I strongly agree with clause 5, which requires sunbed businesses to display information about the health risks of sunbed use. However, it would be interesting to know much more about that information: who will be responsible for it and will it emanate from the Department? Should that not be in the Bill rather than in subsequent regulations, despite the Secretary of State's assurances that they would follow quickly? I would like GPs and pharmacists also to have a role in disseminating that key information, as well as it being on premises where there are sunbeds.

Clearly, the objectives of the Bill are to protect young people from harmful effects of sunbed use and to raise their awareness, but there is concern about the equipment that is currently used in many tanning salons in the UK. The Minister will be aware that in 2007 the Government signed up to an EU declaration on the erythemally weighted irradiance level of tubes in sunbeds. As a consequence, all new sunbeds must comply with that limit, but the Government have failed, first, to implement their commitment to ensure that all existing equipment complies with the regulation, and, secondly, to set a time scale for its implementation.

The directive has already been implemented elsewhere in the EU-Austria, for example, has done so completely, and Denmark and Germany almost completely. It would be helpful to the House if the Minister explained where that has got to. Clearly, it is potentially significantly more damaging for UV output levels to be higher than those of the midday Mediterranean sun, which is why the regulation was introduced. The hon. Member for Cardiff, North and the Minister need to consider amending the Bill to ensure that sunbeds comply with the EU directive, which was supposed to be in operation from 1 April 2009. Alternatively, there should as a minimum be a commitment in the Bill to a time scale for compliance. For the edification of hon. Members, I confirm that the directive is not aimed solely at new sunbeds. It is also retrospective, so all existing sunbeds have to comply.

The explanatory notes and impact assessment refer to the costs of the Bill, relating to the authorised officer and the enforcement capacity. That seems sensible, but the total cost-supposedly-of these additional responsibilities for every single local authority in England and Wales is assessed at only £100,000. I find that very hard to believe, and we need a much more accurate assessment of the additional responsibilities and costs for local authorities, especially given the deteriorating macro-economic situation and fiscal deficit. Whoever is in power after the next election, that situation will have to be rectified.
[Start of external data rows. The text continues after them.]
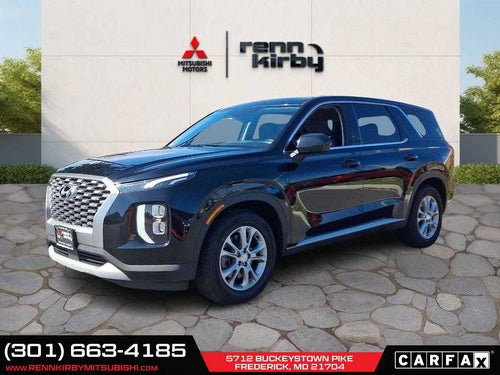 2020 Hyundai Palisade SE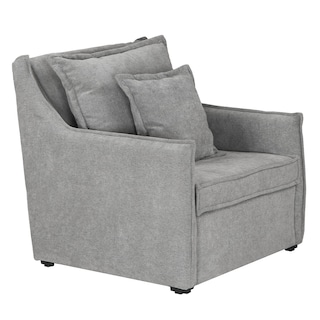 Foto 5 | Sillón Ocasional Trinity Dako Color Gris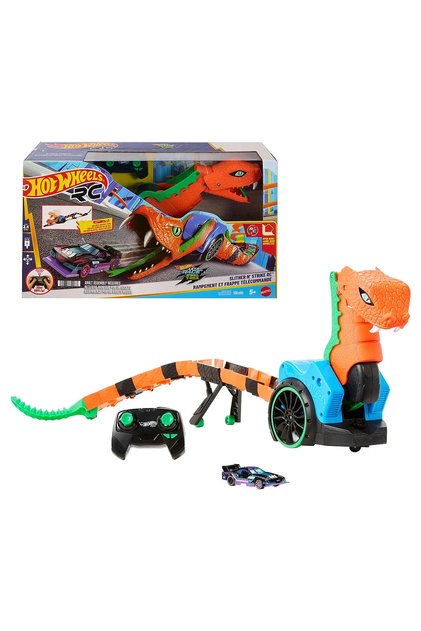 Lets Race Remote Control Snake Challenge Game Set Jgd11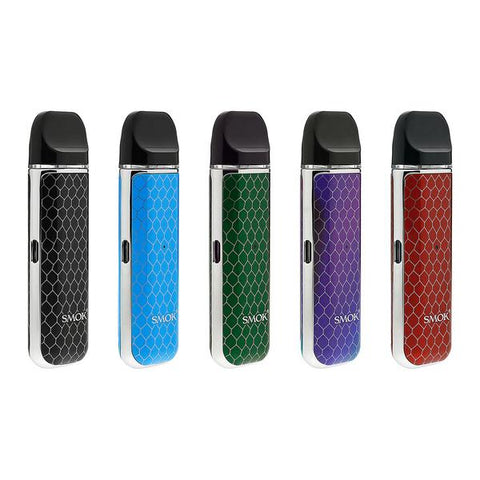 SMOK Novo All-In-One Starter Kit - All Puffs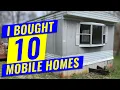 10 FREE Mobile Homes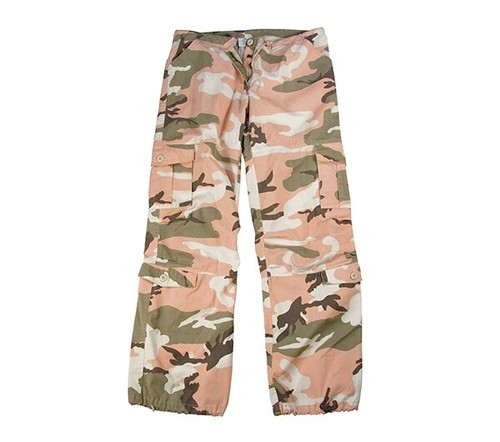 Rothco Womens Pink Vintage Paratrooper Pants 3996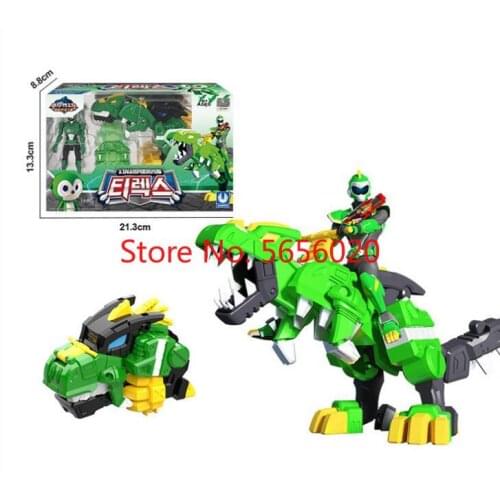 Newest Mini Force Transformation Toys Action Figures MiniForce X Simulation Animal Dinosaur Deformation Mini Agent Toy 99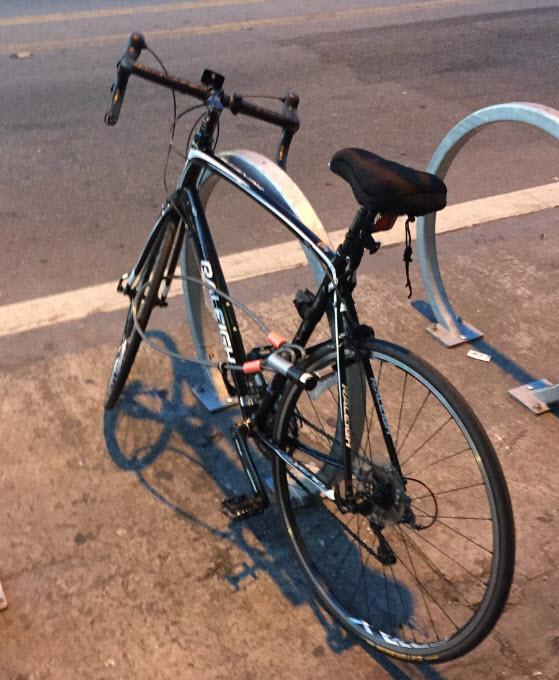 2014 Raleigh 14 Revenio 1.0 Aluminum Road Black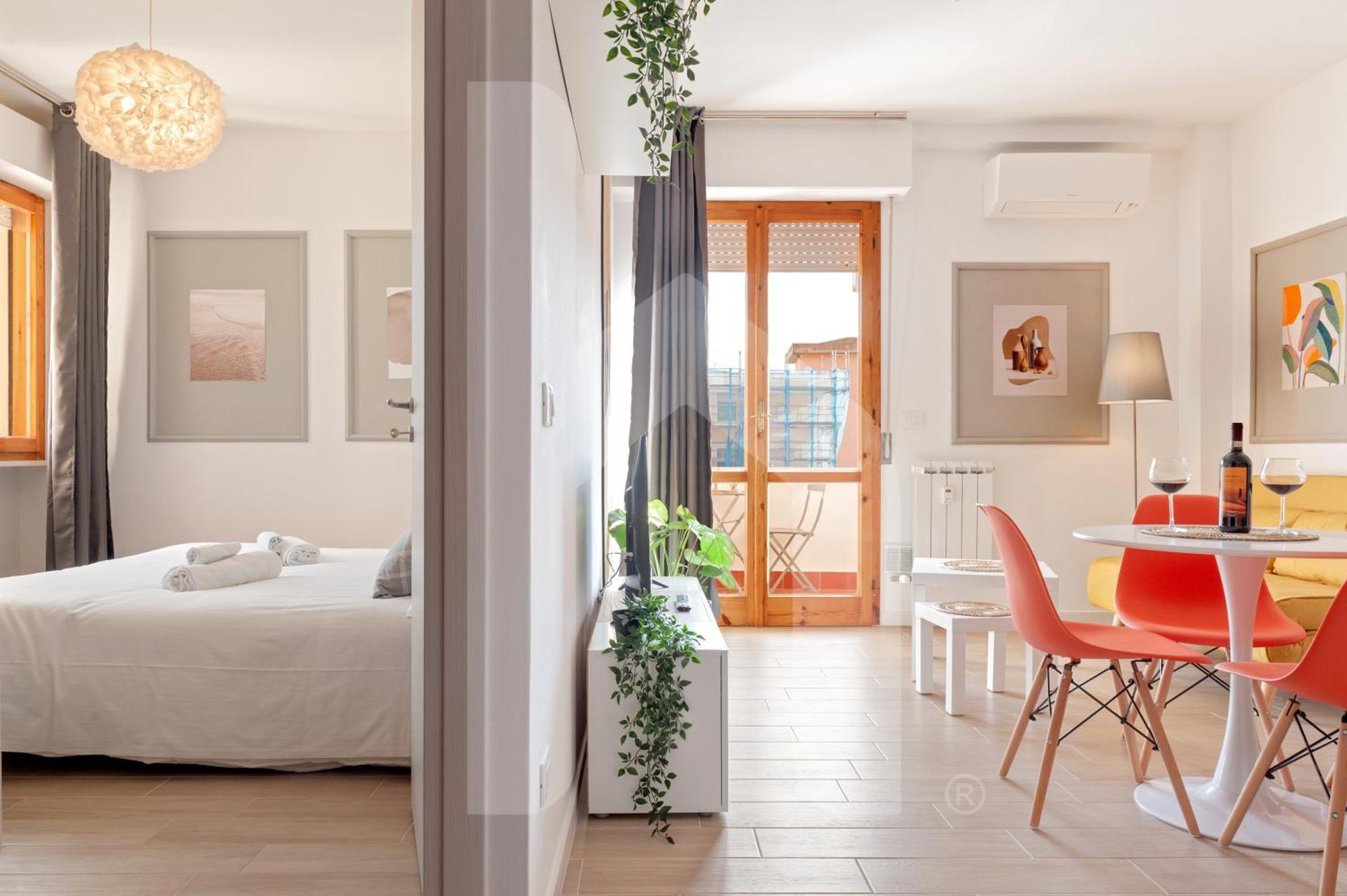 Homiday- New Apt- Free Parking- Aeroporto - Ospedale Piza Zewnętrze zdjęcie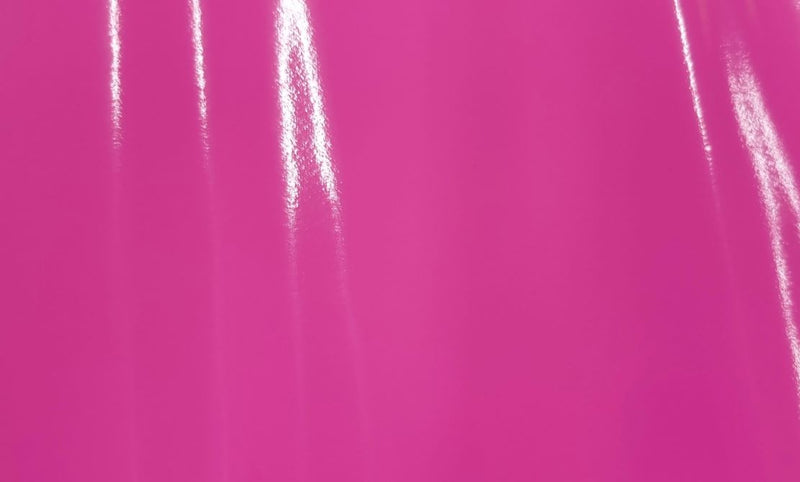 Stretch pvc pink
The hon. Members for Cardiff, North and for Swansea, East were right to raise the issue of coin-operated salons, and I share their concern. That is not an acceptable approach. I understand from those in the industry that the Department of Health has been reluctant to discuss the impact of the Bill with those in that sector of the sunbed market. It would be helpful to know whether any research has been done or calculation made about what proportion of a sunbed salon's revenues is generated by under-18s and therefore what impact the Bill would have on the industry.

My hon. Friend the Member for Shipley mentioned the possible displacement impact, encouraging people to have sunbed treatments at home in unregulated conditions, rather than in salons, and that point needs to be considered. I am supportive of the medical purposes exception highlighted in the Bill, but I would like to know whether the Minister thinks that that will have to be achieved by prescription or just on a nod and a wink from a GP or other clinician.

There is legislation relating to sunbeds in other parts of the world-in the US, as we have heard, and in parts of Europe and Australasia-and we need to know what lessons can be learned from that. Has the legislation made a difference? What contact has the Department had with health departments in those countries to ensure that the Bill has the maximum impact?

We think that this legislation is going in the right direction. We will support the Bill, but some key issues remain to be addressed, which I hope will come out in Committee.